For those in the audience, the chance to hear from esteemed speakers was a highlight.

“I appreciate that the conference organisers invited a diverse range of international and local speakers from public and private sectors, including Prof Michelle Williams from Harvard and Prof Harvey Lodish from MIT,” said Associate Professor Jeannette Lee, Vice Dean of Academic Affairs at the NUS Saw Swee Hock School of Public Health. “I found the overall programme quite inspirational and learnt a few tips.”

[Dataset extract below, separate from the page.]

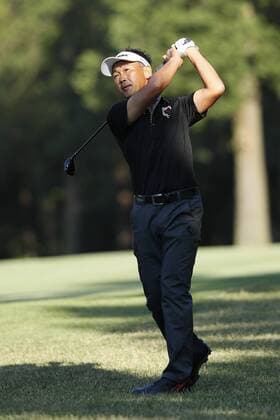 Kenichi Kuboya, APRIL 23, 2017 - Golf : Panasonic Open Golf Championship 2017, Final Round at Chiba Country Club, Chiba, Japan. NOxTHIRDxPARTYxSALES.  (umqa050899)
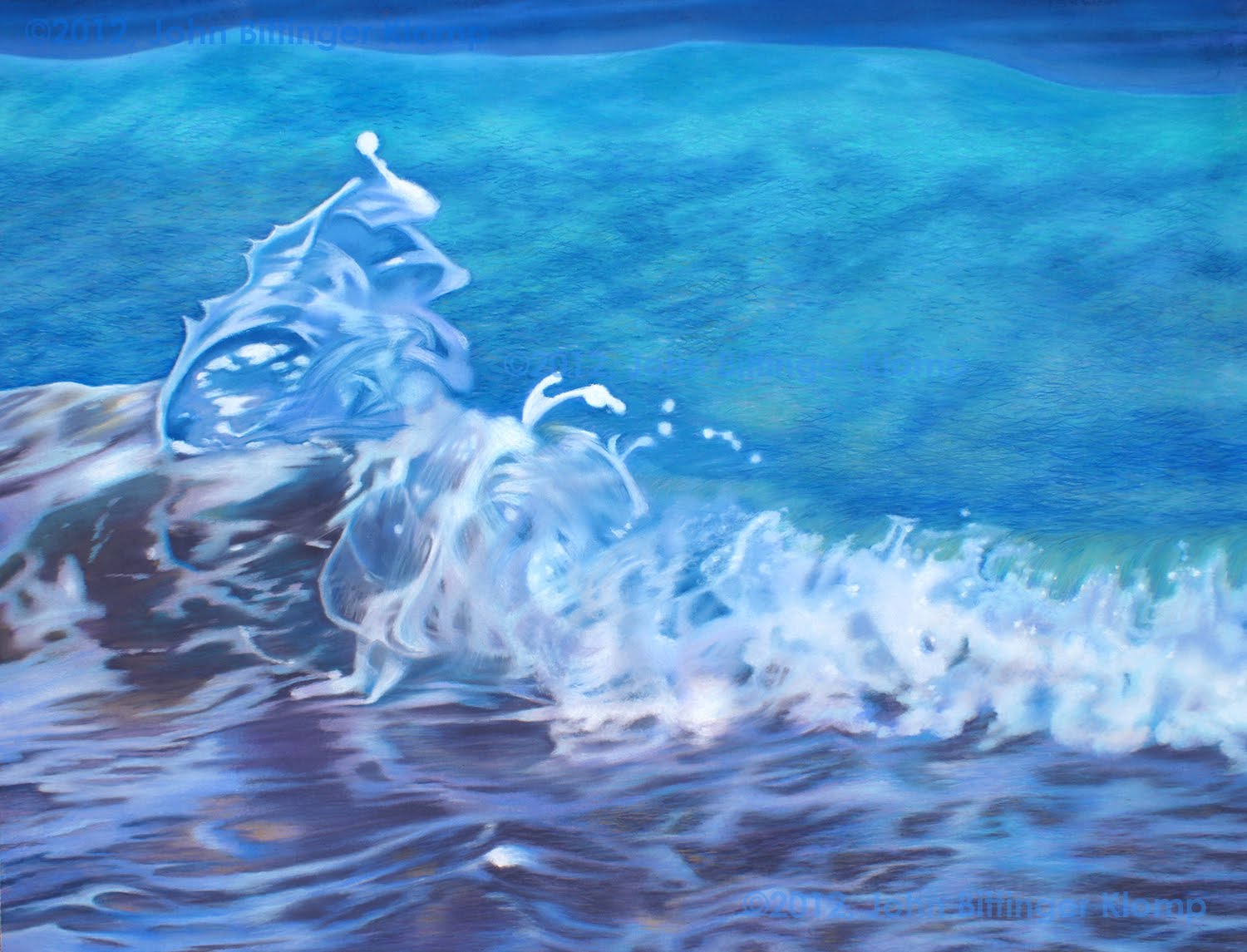 Drawings Of Waves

Inspiring Inclusion – the importance of mentors, sponsors, and allies

Speakers and panellists at the Symposium agreed that finding mentors, sponsors and allies was important to advance one’s career. “For example, in surgery, there are actually more females applying and we do tag them along with female surgeons to guide them. Having someone to look up to… is very important,” said Asst Prof Dharmawan.

Professor Harvey Lodish, from the Massachusetts Institute of Technology, has been a full professor for more than 55 years. In his keynote presentation, he noted that “understanding the demands of both work and family life are critical factors in successfully mentoring top women (and men) in science”.

Prof Lodish shared how he created an environment that allowed for more flexible working arrangements for the young female postdocs in his lab. Many of them became leaders in their fields. “I never competed with my former postdoctoral fellows after they left my lab to start their own labs,” he said.

“A child- and family-focused environment provided students and postdocs with the confidence to exchange experiences, challenges, and opportunities with each other, which ultimately enhanced their commitment to a research career,” said Prof Lodish.

A shared commitment to advancing inclusion in STEM and healthcare

Speaking on the topic of promoting women’s health, Professor Zhang Cuilin, Director of the Global Centre for Asian Women’s Health (GloW) at NUS Medicine, shared that there needed to be a shift from sick care to preventive care and to look at women's health holistically over their lifespan. "Healthy and happy women are foundations for a healthy and happy society," she said.

GloW boasts a wide range of initiatives that promote Asian women's health. To this end, the importance of catalysing regional and international partnerships cannot be understated. “We are really eager to have collaborations in this.”

Asst Prof Chua Wei Ling and Dr Betsy Seah from the NUS Alice Lee Centre for Nursing Studies both agreed that the conference was inspiring, especially for early career researchers. “It is indeed quite motivational to hear about the importance of advocating for women’s health across the entire lifespan,” said Asst Prof Chua, who conducts research on patient safety. They shared that they were part of a women leadership programme at NUS Medicine that connects them with other women clinician-scientists in NUS and NUHS.

“Today’s gathering is an affirmation of our shared commitment to advance inclusion and to empower women in STEM and Medicine. Academic institutions can take a lead in in educating, developing and nurturing women to their fullest potential,” said Prof Tan Eng Chye.

“We (NUS) will work to break barriers, challenge stereotypes and create opportunities for women to thrive and excel in their chosen fields,” he added.